■ **Data extract**:
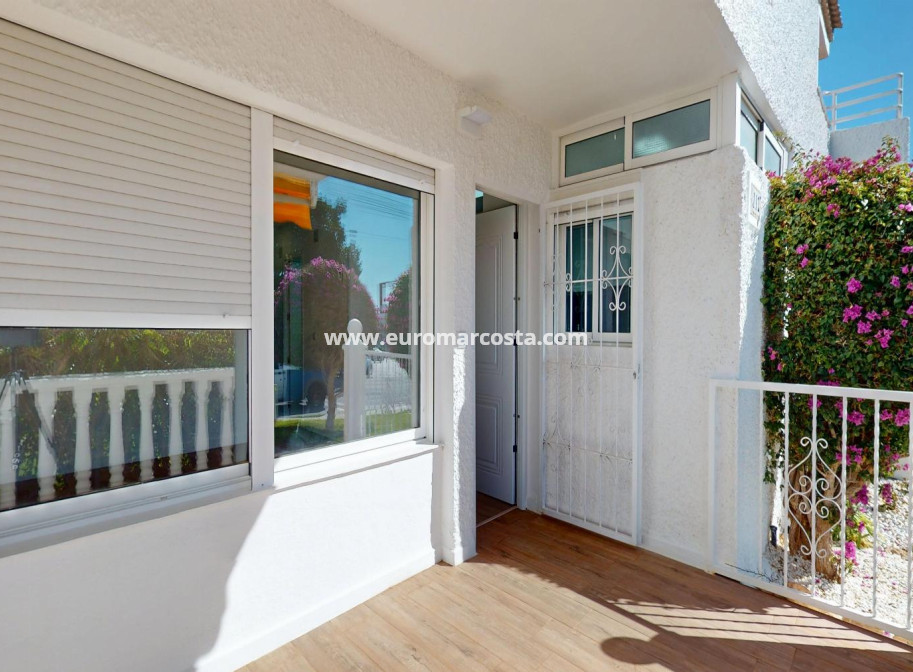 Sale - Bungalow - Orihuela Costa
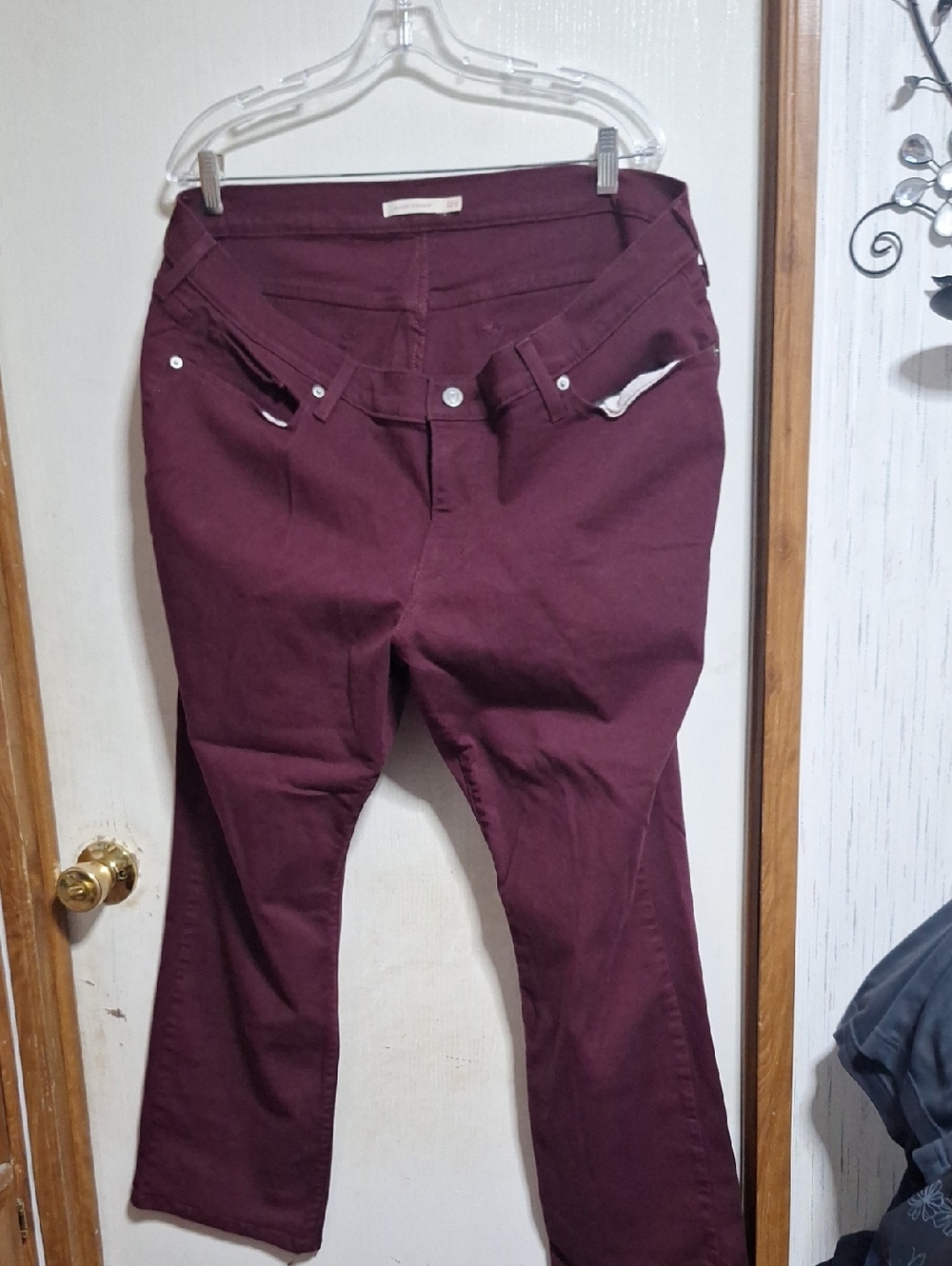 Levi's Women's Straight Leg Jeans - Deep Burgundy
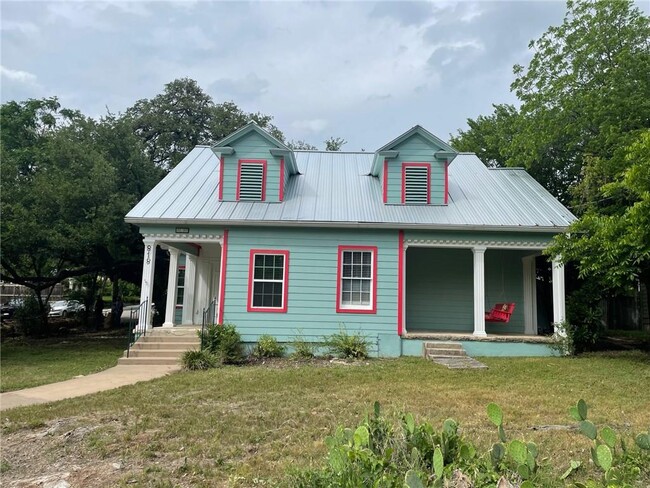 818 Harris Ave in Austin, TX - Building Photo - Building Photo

■ **The task**:
Please print the material exactly as given above, omitting the pictures.

■ **Result of the exercise**:
 Sale - Bungalow - Orihuela Costa
 Levi's Women's Straight Leg Jeans - Deep Burgundy
 818 Harris Ave in Austin, TX - Building Photo - Building Photo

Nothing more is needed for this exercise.